Tampa Bay Buccaneers
If the NFL gave an award for Most Improved Offensive Line in '07, it would go to the Bucs. This is the outcome of good planning, as the team spent the last several years focusing on upgrading this unit. The Bucs boast two excellent young guards in Arron Sears and Davin Joseph, both of whose career paths are on an upward trajectory. They will be teamed up with Tampa's big off season acquisition, C Jeff Faine. Getting Faine was a double bonus for the Bucs, as they weakened the line of division rival New Orleans and nicely upgraded their own. Faine will strengthen what was already a formidable interior line, allowing them to grind out the tough yards up the middle. The Bucs are not as solid on the perimeter, but they're not bad either. LT is where the action is, with Luke Petitgout coming back from an ACL injury to try to regain his job from former practice squad player Donald Penn, who was respectable in relief from Week 4 onwards. One thing to look out for is the Bucs penchant to allow sacks, but that is partially a function of QB Jeff Garcia's free-form style of play.
Kansas City Chiefs
Any conversation regarding the Chiefs' O-line automatically turns toward Willie Roaf and Will Shields, two guys who are retired and Hall of Fame bound, which does not bode well for the current roster.
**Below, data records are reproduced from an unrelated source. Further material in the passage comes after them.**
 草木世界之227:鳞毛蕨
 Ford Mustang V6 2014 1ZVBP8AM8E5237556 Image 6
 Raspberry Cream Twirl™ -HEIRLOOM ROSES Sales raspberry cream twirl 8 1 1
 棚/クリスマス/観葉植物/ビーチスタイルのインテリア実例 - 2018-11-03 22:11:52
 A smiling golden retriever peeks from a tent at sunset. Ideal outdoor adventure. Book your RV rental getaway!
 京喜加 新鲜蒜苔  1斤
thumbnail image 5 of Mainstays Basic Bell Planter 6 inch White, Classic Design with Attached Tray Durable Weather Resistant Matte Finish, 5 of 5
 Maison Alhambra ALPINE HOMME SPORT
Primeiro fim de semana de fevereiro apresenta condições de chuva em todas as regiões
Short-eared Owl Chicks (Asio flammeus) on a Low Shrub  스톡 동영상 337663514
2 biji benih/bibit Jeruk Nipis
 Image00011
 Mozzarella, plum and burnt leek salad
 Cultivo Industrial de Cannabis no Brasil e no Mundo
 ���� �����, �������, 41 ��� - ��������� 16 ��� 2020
Let's get it out of the way up front: the Chiefs have the worst line in the NFL ... by a large margin. These guys can't pass block, they can't run block, heck, they're about as effective as the armless blockers from electric football. LG Brian Waters is the only guy on the line who is worth his salt, and he is in his thirties and on the down side of a respectable career. LT Damion McIntosh couldn't cut it with the lowly Dolphins, and he won't be doing much better in K.C. The Chiefs had better hope that their second first round pick, G/T Branden Albert, is worth what they gave up for him, because it was a lot. Sack masters like Jared Allen don't grow on trees. In fantasy terms, Larry Johnson gets a big downgrade running behind this bunch of stiffs. The only silver lining is that these guys won't exactly be going up against a murderer's row of defenses in the AFC West. Still, bad is bad, and the Chiefs' O-line will find new and exciting ways to get their skill players mauled in '08.